Il n’y a pas de chiffres officiels crédibles, ils sont tous proches de zéro. Qu’en est-il en réalité avec la différence de bilan carbone entre le cas où on exploite la forêt pour le bois-énergie et le cas où on ne l’exploite pas. Dans ce dernier cas, on se fiera à une étude[11] de l’INRAE et l’IGN parue en 2020, et qui donne la quantité de CO2 retirée de l’atmosphère pour constituer 1 m3 de bois pour les feuillus. Il s’agit de 1,23 t de CO2 équivalent/m3 de bois. Pour le cas du bois-énergie, on va considérer que l’exploitation maintient constant le stock de bois dans le massif forestier, c’est-à-dire que le CO2 émis par le bois récolté et le bois mort connexe (brindilles et racines) est égal au CO2 absorbé par le reste du massif en un an. Donc le déficit carbone du bois qu’on brûle par rapport au cas où on le laisse vivre est la quantité de CO2 nécessaire à produire 1 m3 de bois à brûler grâce à la photosynthèse, 1,23 t de CO2eq/m3. Pour convertir ce chiffre en gCO2eq/kWh, unités du tableau de l’ADEME, on a besoin de connaître plusieurs paramètres : i) le pouvoir calorifique du bois (Wikipédia et d’autres sources nous indiquent des valeurs dont la moyenne se situe à 3,75 kWh/kg) ; ii) la densité du bois de chauffage (on prendra une valeur moyenne de 0,75) ; et iii) le taux d’absorption de 1,23 t de CO2/m3 déjà noté. Ceci conduit à un bilan carbone de 455 gCO2e/kWh. Ce sont les émissions du bois qui arrive à la chaudière.
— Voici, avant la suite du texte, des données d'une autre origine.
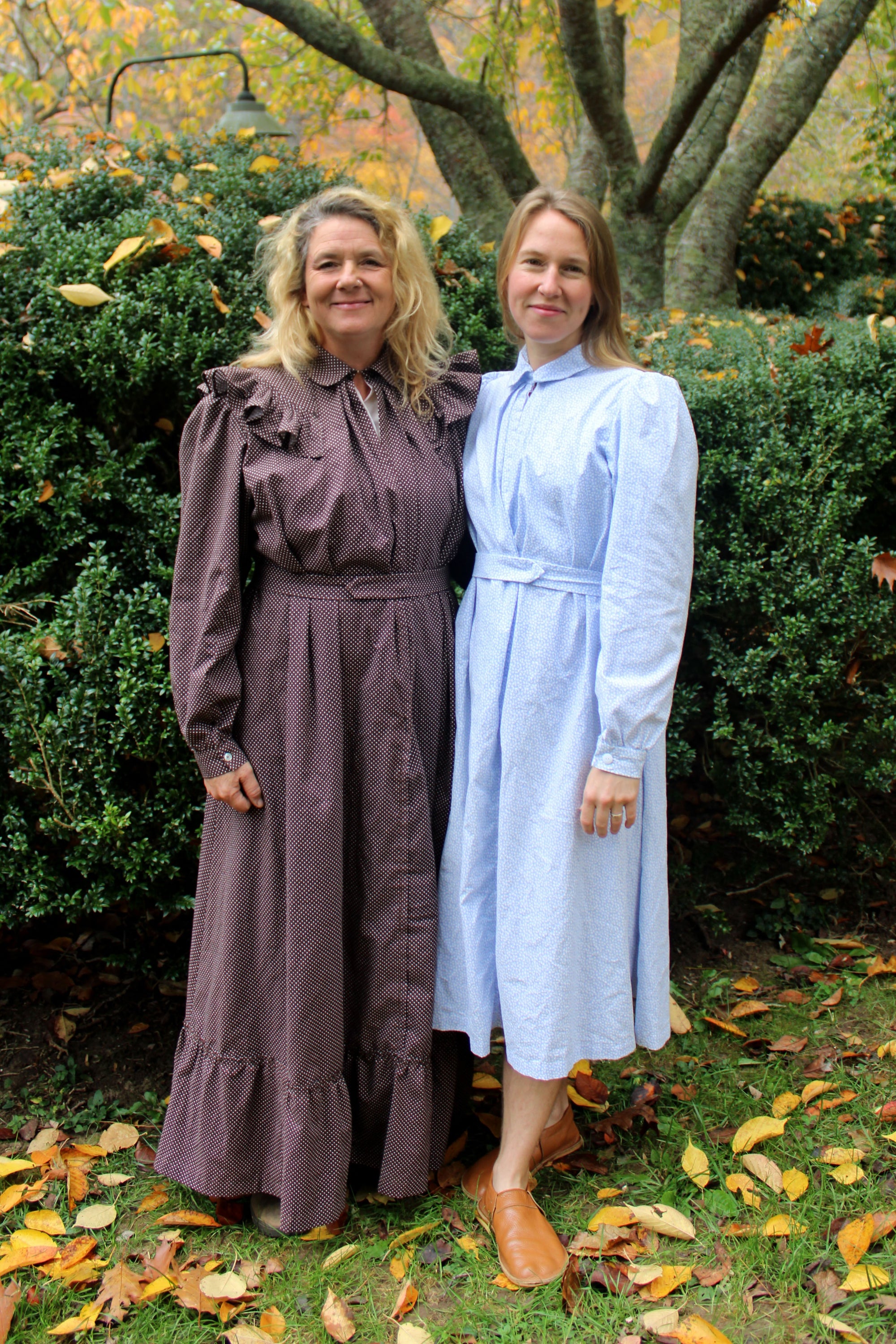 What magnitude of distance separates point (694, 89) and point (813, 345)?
249 cm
D’après l’étude conjointe INRAE-IGN, précédemment mentionnée[12], l’exploitation du bois-énergie laisse en forêt des brindilles (environ 14% de la récolte) et les racines (environ 28%) qui émettent aussi du CO2 en se décomposant. On voit ainsi que la biomasse utile absorbant du CO2 si elle n’est pas exploitée, porte sur toute la partie aérienne et les racines, soit 42% de plus que la partie envoyée à la chaudière. Le tout libérerait son carbone dans l’atmosphère au lieu d’en capter s’il était vivant. Le bilan carbone total augmente d’autant et s’élève donc à

646 gCO2e/kWh.

Ainsi, avant même de tenir compte de l’énergie consommée en amont de la combustion par les engins d’exploitation, le transport, le séchage et la fabrication des plaquettes ou des granulés, le bilan carbone du bois est 2,7 fois plus mauvais que celui du gaz naturel.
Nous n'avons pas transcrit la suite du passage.